(About this exercise) Lines from the one containing "Женские классические джинсы" through the final line of the data, restated word for word and free of pictures, make up the whole answer.

── Source information ──

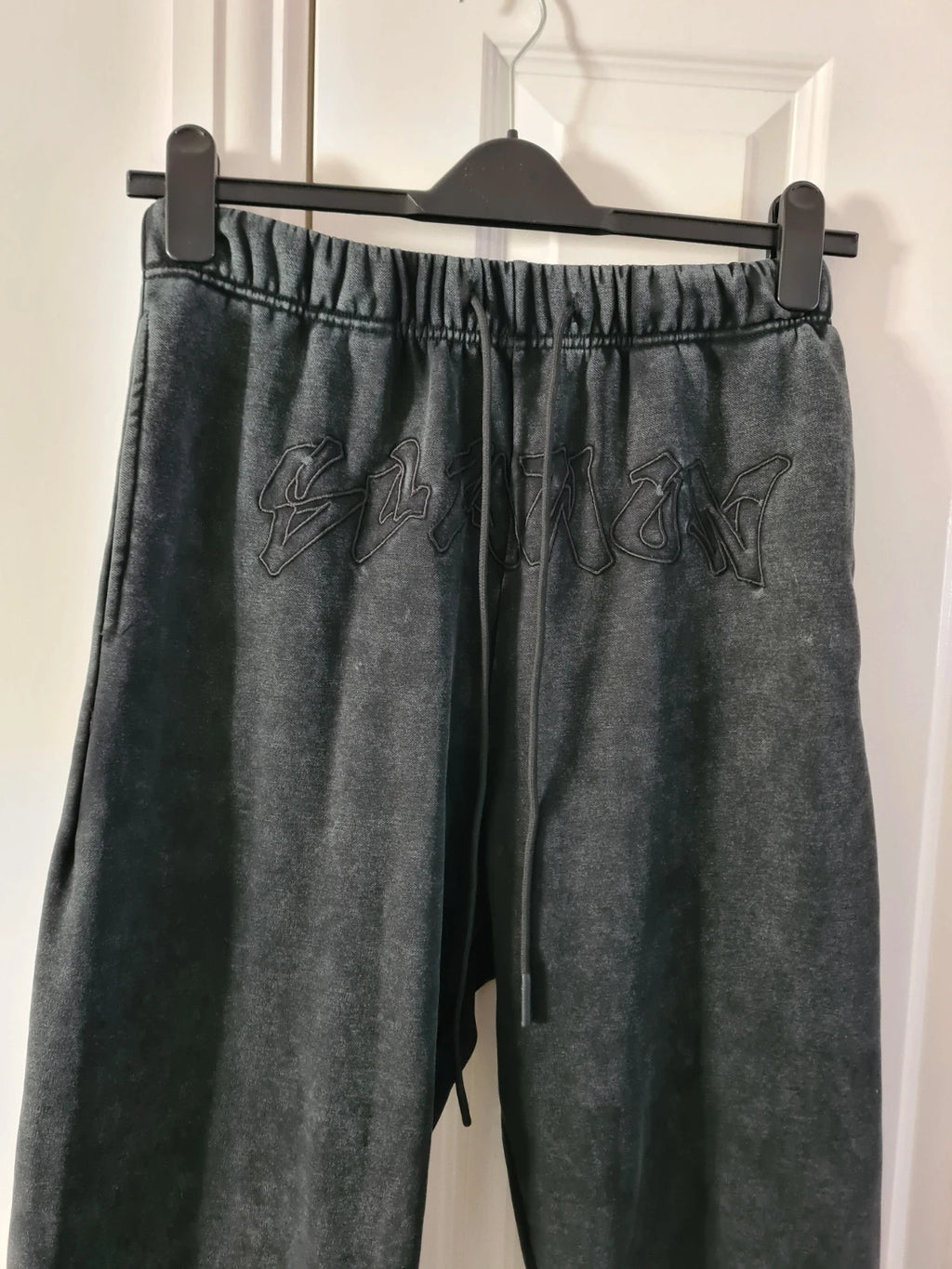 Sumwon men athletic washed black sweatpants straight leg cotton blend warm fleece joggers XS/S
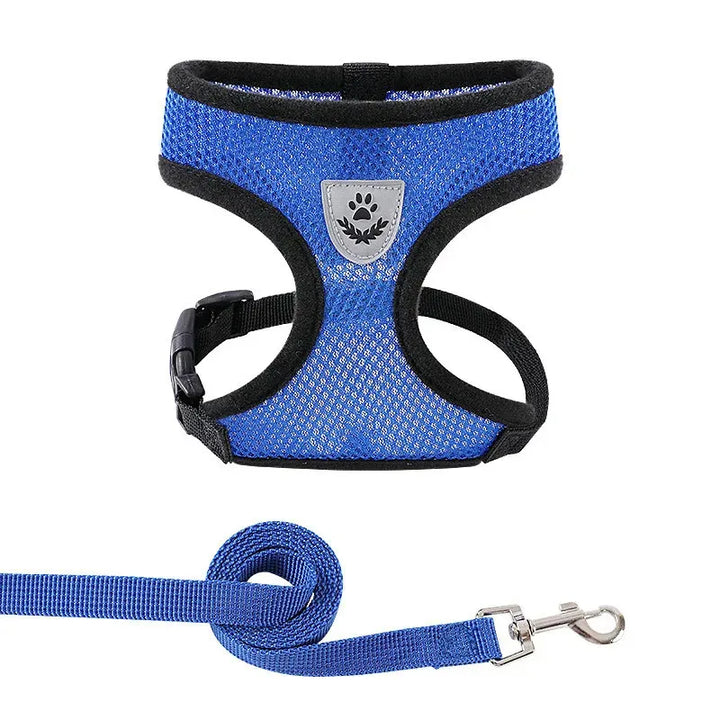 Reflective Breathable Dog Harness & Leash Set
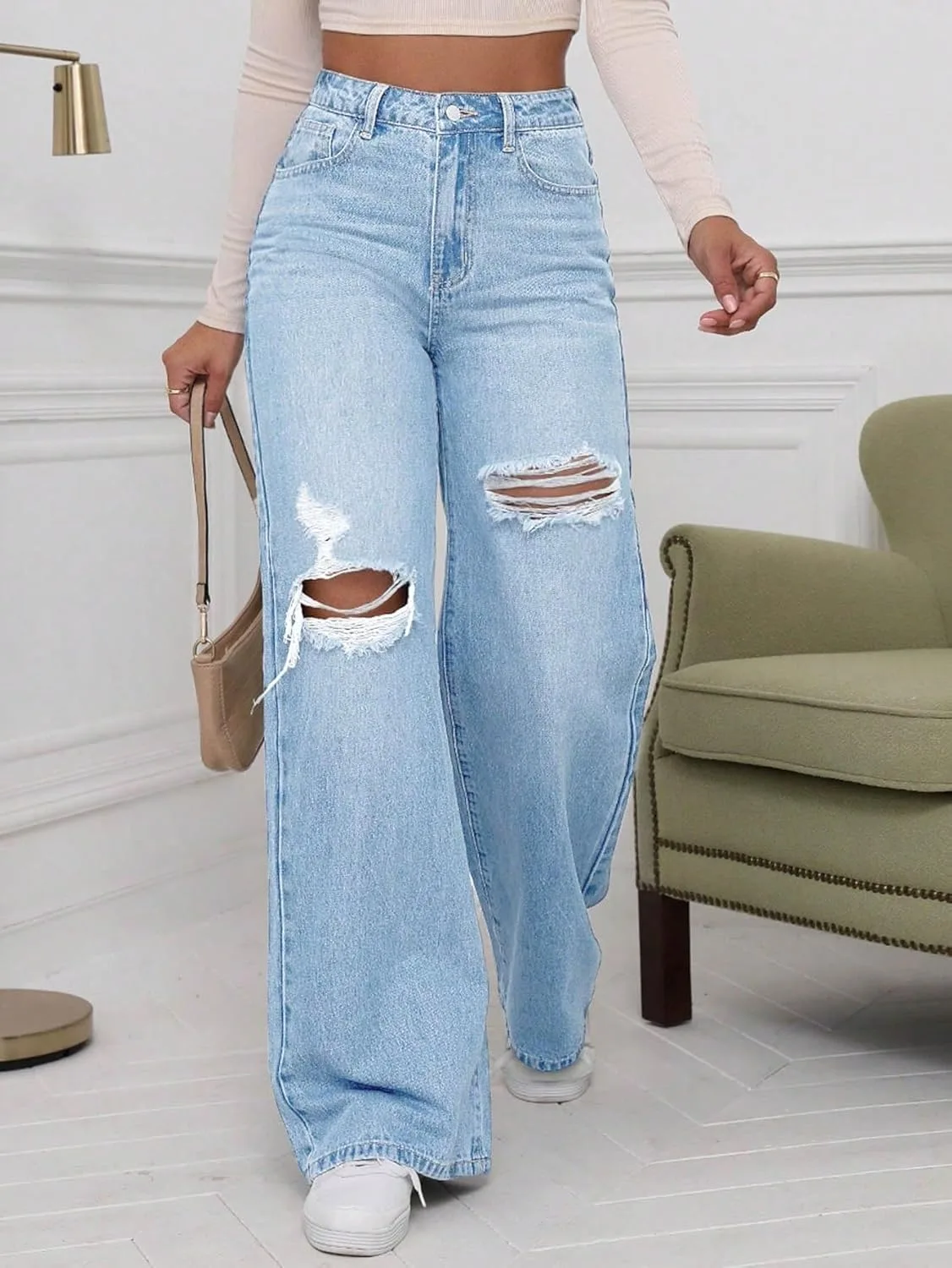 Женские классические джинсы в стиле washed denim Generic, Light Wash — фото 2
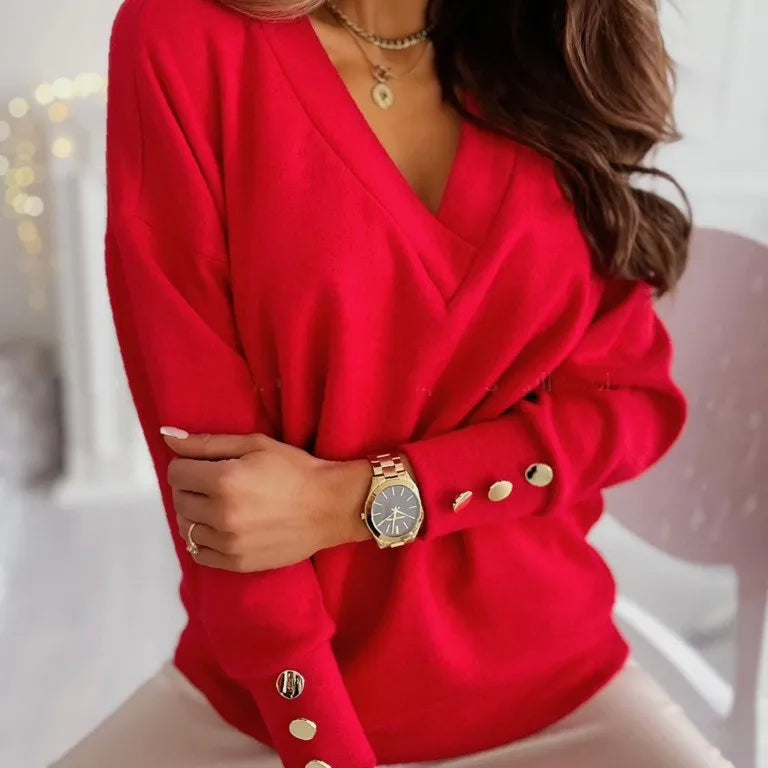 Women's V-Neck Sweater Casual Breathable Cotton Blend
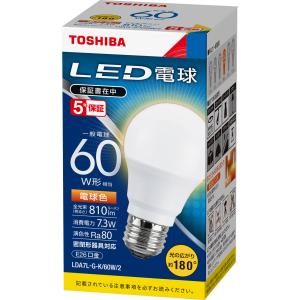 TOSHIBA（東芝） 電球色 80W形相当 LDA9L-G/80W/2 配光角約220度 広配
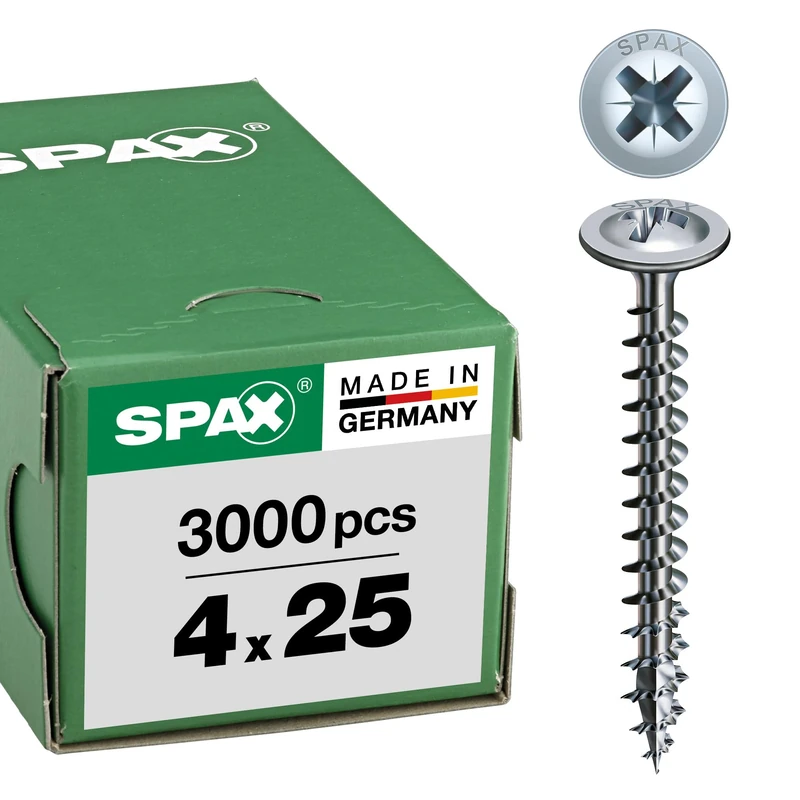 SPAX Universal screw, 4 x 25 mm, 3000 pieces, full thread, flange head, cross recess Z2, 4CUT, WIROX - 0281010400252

───

(Task result)
 Женские классические джинсы в стиле washed denim Generic, Light Wash — фото 2
 Women's V-Neck Sweater Casual Breathable Cotton Blend
 TOSHIBA（東芝） 電球色 80W形相当 LDA9L-G/80W/2 配光角約220度 広配
 SPAX Universal screw, 4 x 25 mm, 3000 pieces, full thread, flange head, cross recess Z2, 4CUT, WIROX - 0281010400252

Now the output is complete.